Exercise objective » Output, word for word, the lines of this listing that fall between the line with "Fascitis plantar" and the line with "زخم گاز گرفتگی سگ را چطور درمان کنیم؟", counting both of those lines, and no others.
┄┄┄┄┄┄┄┄┄┄
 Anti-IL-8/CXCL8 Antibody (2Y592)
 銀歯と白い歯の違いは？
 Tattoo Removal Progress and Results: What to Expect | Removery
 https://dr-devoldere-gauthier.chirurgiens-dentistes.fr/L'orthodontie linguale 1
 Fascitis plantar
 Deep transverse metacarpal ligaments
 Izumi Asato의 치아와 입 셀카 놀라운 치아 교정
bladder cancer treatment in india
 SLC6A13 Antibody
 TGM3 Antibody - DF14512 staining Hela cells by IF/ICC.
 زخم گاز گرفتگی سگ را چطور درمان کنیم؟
┄┄┄┄┄┄┄┄┄┄
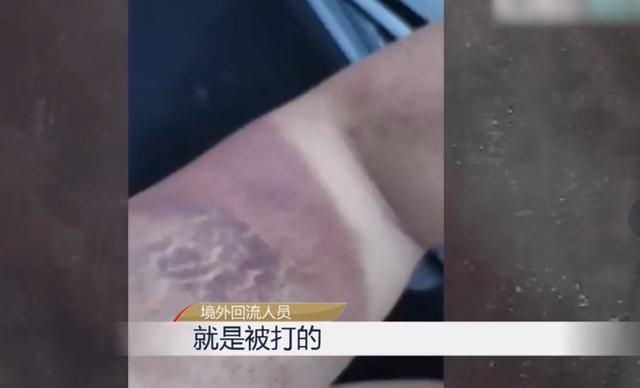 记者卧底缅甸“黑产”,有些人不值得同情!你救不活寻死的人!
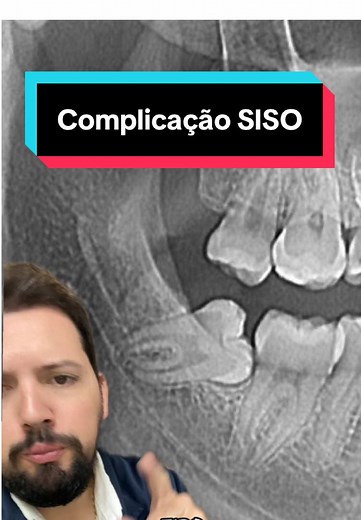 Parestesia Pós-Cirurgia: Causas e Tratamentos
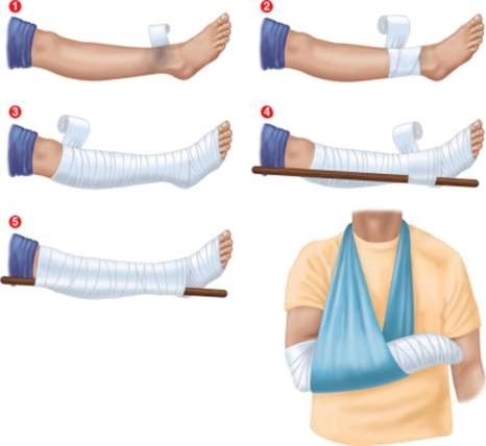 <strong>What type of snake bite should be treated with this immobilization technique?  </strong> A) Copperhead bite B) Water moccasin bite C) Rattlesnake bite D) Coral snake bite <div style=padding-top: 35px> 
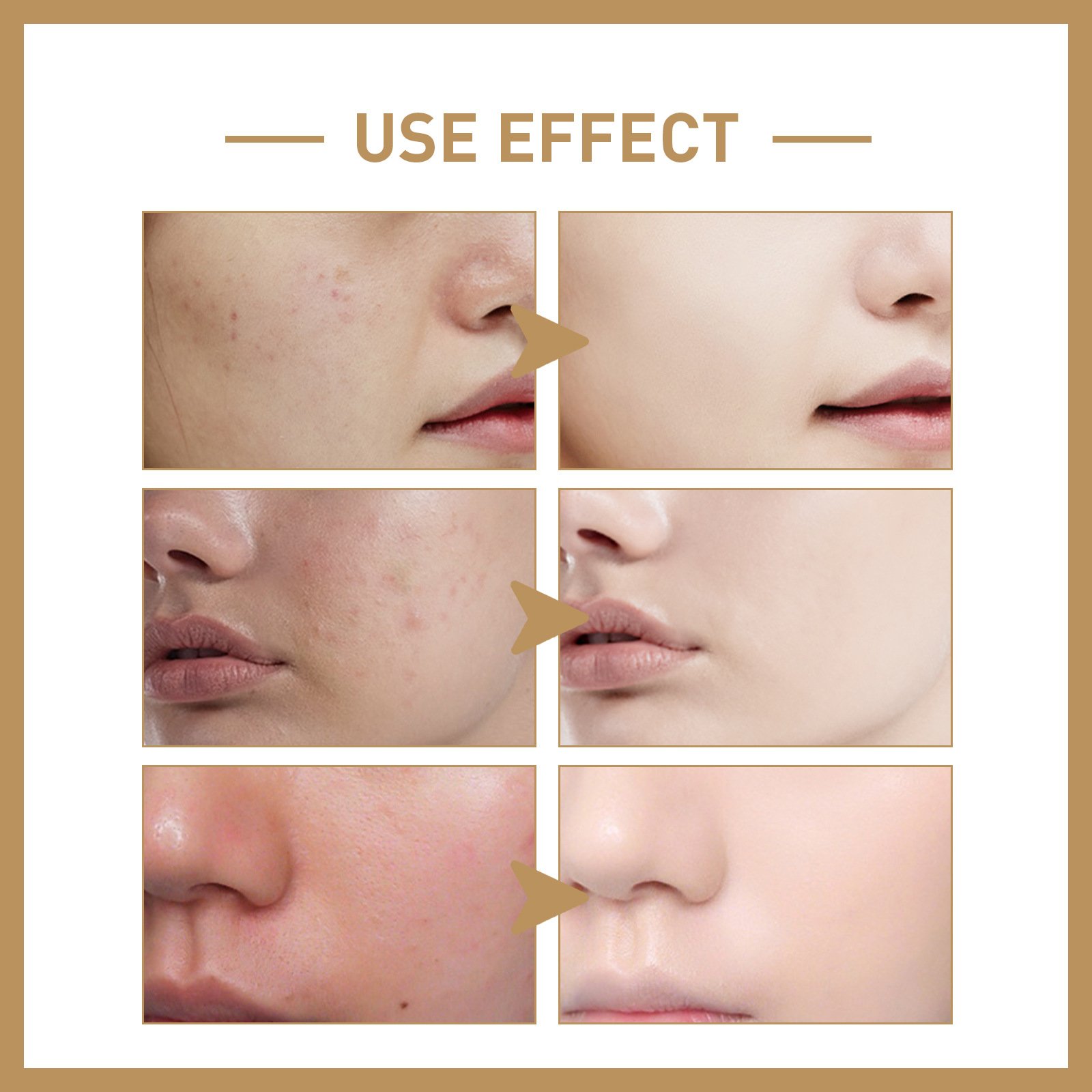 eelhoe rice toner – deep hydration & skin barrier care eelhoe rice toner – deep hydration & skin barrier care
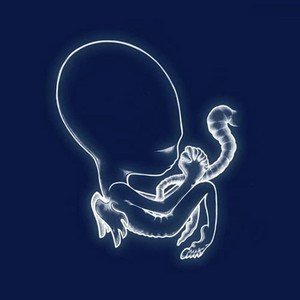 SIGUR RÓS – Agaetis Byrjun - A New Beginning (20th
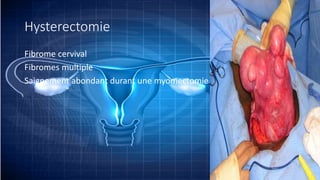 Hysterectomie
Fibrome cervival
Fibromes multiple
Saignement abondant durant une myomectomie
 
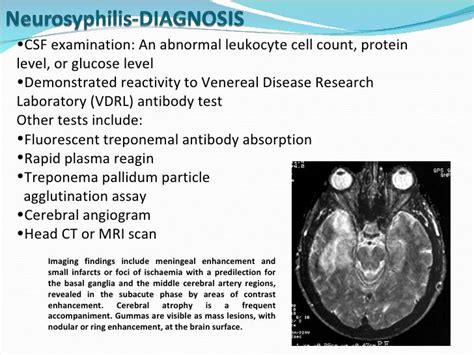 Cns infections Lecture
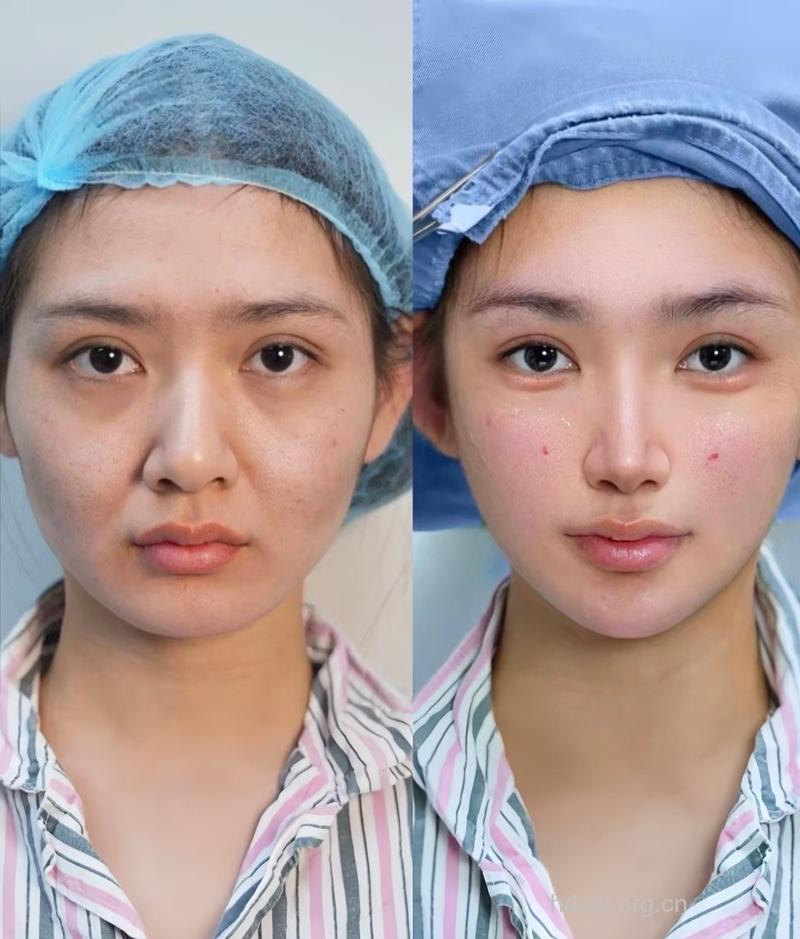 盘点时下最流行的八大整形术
┄┄┄┄┄┄┄┄┄┄
Reply to the exercise »
 Fascitis plantar
 Deep transverse metacarpal ligaments
 Izumi Asato의 치아와 입 셀카 놀라운 치아 교정
bladder cancer treatment in india
 SLC6A13 Antibody
 TGM3 Antibody - DF14512 staining Hela cells by IF/ICC.
 زخم گاز گرفتگی سگ را چطور درمان کنیم؟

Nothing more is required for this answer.